例として、最近近所に飲食店が開店したので行ったんですよ。店内にはスタッフが何人もいたんですが、オペレーションが全然こなれていなくて「いらっしゃいませ」の声もありませんでしたし、注文も配膳もひたすら時間がかかりました。スタッフはそれぞれ忙しく動き回っているのですが、そのほとんどが何がどこにあるか探してるような感じで、言ってしまえば無駄な動きを繰り返しているだけのように見えました。まあ、新規開店したお店あるあるだとは思いますが。この場合、スタッフは全員チームの新人で、その飲食店というチームの知識が皆無の状態で働いているので、当然と言えば当然ですね。
これが例えば夫婦で何十年も経営している町中華とかでしたらどうでしょう。店に入った瞬間から流れるようなオペレーションで接客されることは間違いないですね。でも、その町中華のおばちゃんを先ほどの新規開店のお店に連れてくれば同じように流れるようにオペレーション出来るかというと、やっぱり出来ないんですね。だって新規開店のお店では、おばちゃんも新人だから。これがチームでの知識やスキルを習得しているかどうかという差だと思います。
私はITエンジニアを職業にしていて、数年おきに新しいチームに移動しています。ITエンジニアとしての業務経験は長いですし、スキルもそれなりにあるつもりです。そんな私ですが、新しいチームに移動してすぐに高い成果を出せるかというと、当然ながら出せない。だってそのチームのチーム内知識が全くない状態ですからね。ということで、ある程度の成果が出せるようになるまでには数カ月程度はかかりますし、本当にチームの中で力を発揮できるのは数年後とかになります。これは私だけに限った話ではなく、誰に対してでも一般化出来る話ではないかと思います。
ちょうど直近ではVポイントとTポイントの統合でのシステムトラブルが報じられています。ニュースについてるコメントをみると、なんでそんなことをちゃんとやってないんだっていう意見が大半ですね。それはそれでごもっともなんですが、多分開発現場はそんなことが実現できる状態ではないと思うんですよ。
金融機関がシステムトラブルを起こす場合などもそうですが、こういう大きなシステムでは多くの人数のITエンジニアが必要になります。その全員を請け負っているシステム会社の社員でまかなえれば理想なのですが、大抵はそうはいきません。下請けのシステム会社に再委託し、下請けは孫請けに、孫請けはひ孫請けに委託を繰り返します。それぞれ委託されたシステム会社は自社の社員ではなく、派遣社員やフリーランスのITエンジニアをかき集めてきて、なんとか頭数を揃えていたりします。

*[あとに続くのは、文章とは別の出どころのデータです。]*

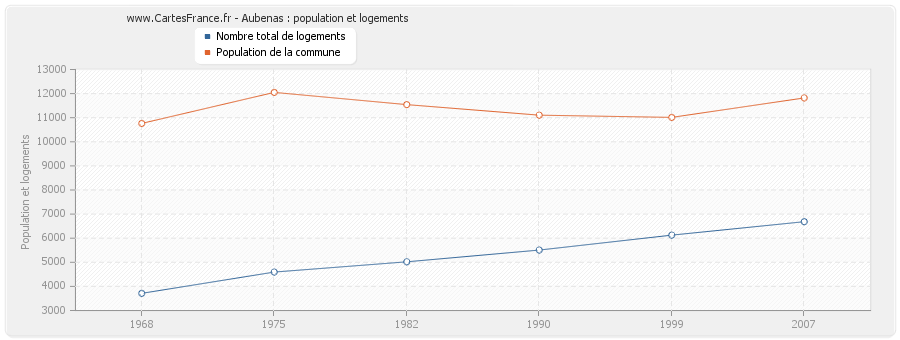 Aubenas : population et logements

それでも人数が想定より足りないこともあるのですが、それでもまあなんとかある程度の人数は集まりますから、元請けの会社はこれで開発はちゃんと進むと考えます。でも実際にはそんなことはないんですね。なぜなら、こうした寄せ集めのチームでは人の出入りも激しいから。
チームでは毎月のように誰かが辞めていき、代わりに誰かが入ってきます。商流が複雑ですから、どこかの契約がこじれてということもありますし、働いている人自身の事情が絡んでということもあります。チーム全体の工程表で、時期によって必要な人数が増減するからってのもありますね。管理側の都合で何年もチームに在籍してチーム内知識を蓄えたベテランをすぱっと辞めさせたりしてしまう。そうすると何が起こるかというと、チーム内知識の伝承が途絶えてしまうんですよ。
そもそも引継ぎをちゃんとすればチーム内知識が伝承できるというのも幻なんですけどね。人ひとりの頭の中に蓄えた知識というのは、そう簡単に伝えられるものではない。学校の先生という教えるのが専門の職業の人だって全ての知識を教えるのは大変ですし、そもそも何年もの時間をかけて教える。それをわずか数日程度の引継ぎ期間で退職者から全てを引き継げというのは無謀というものですよね。
チーム内に人の入れ替わりがなければ、チーム内知識はスタッフそれぞれの中に蓄えられますので、知識の喪失は起こりません。仕事もスムーズに進むでしょう。しかし、人の入れ替わりが激しければ知識の喪失が起こり、仕事はトラブルだらけになってしまいます。Vポイントや金融機関のシステムトラブルの原因の全てがこれとは限りませんが、一部にはこういう要因はあるのではないかなぁと思います。こうした現場では設計書があって実装しようとしたら設計者は既に辞めていたとか、テストしていて不具合が見つかったけど実装者は既に辞めていたなんてことは日常茶飯事です。それぞれ設計や実装の意図を聞こうと思ってももう聞けません。結果、残った人が意図を想像してなんとか手当てをするんだけど、設計者や実装者本人がするのとは違うからどうしても不足が出てしまう。そうしたことが積み重なってシステムトラブルとして表面化するのかなぁと。
だからといってシステムトラブルの責任が現場のITエンジニアには無いとはいいませんが、こうした自体の責任は、頭数さえ揃っていれば問題ないと考えている管理側にありますよねぇというお話でした。